Enter the era of one-upmanship. To be competitive, each agency had to undertake an exercise of continuous improvement, adding new bespoke tools and levels of complexity in order to demonstrate a greater understanding of brands, consumer behaviour patterns, etc.

Media agencies have moved on, and the way media owners are trying to sell to them is anchored in the past. These days agencies are all about analytics, data and sophisticated targeting methodologies.

Perhaps media owners in the digital space are more closely aligned with how agencies are thinking and working largely due to the intrinsic nature of the properties they are selling. If only those agencies and their clients could have a little more faith in the numbers, things would be rosy.

But back in traditional media land, we’re presenting agencies with simple proposals that in no way synchronise with what they are looking for. The “one size fits all” mentality might be convenient for the media owner, but that in itself is self-defeating.

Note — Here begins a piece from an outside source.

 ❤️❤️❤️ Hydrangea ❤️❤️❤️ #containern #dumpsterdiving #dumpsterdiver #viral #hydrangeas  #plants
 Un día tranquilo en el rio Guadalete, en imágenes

It’s no use any sales team beating down the media agencies’ door with their current gusto. We need to change our approach to match their needs.

Now I’m sure there’ll be many media owners out there crying “we already do that”, but during my most recent tenure within a media agency I didn’t see one example of this in practice. After querying that agencies’ head, he agreed the gap was real and getting wider.

A media owners losing relevance with today’s agencies?

How do we achieve greater relevance? We first need to understand how our product can integrate with the strategy outlined by the planners.

This means moving ourselves up the decision tree – getting an audience with those that are developing the communication plan and tailoring our offering to suit them and not us. It means doing away with the “packages” we spruik because it suits us to do so. It means customising our properties to suit the strategy.

But it also means cooperation from agencies: let us know much earlier what you’re trying to achieve and give us the time to craft a response specifically tailored to your needs – less to and fro means less opportunity for misunderstanding.

Of course, many agencies are already working this way and are getting significantly better responses from media owners – to everyone’s benefit.

Ultimately we all want and can achieve the same thing – success for our client partners.

Adrian Smith is a sales development director whose career has seen him work across both media agencies and media owners.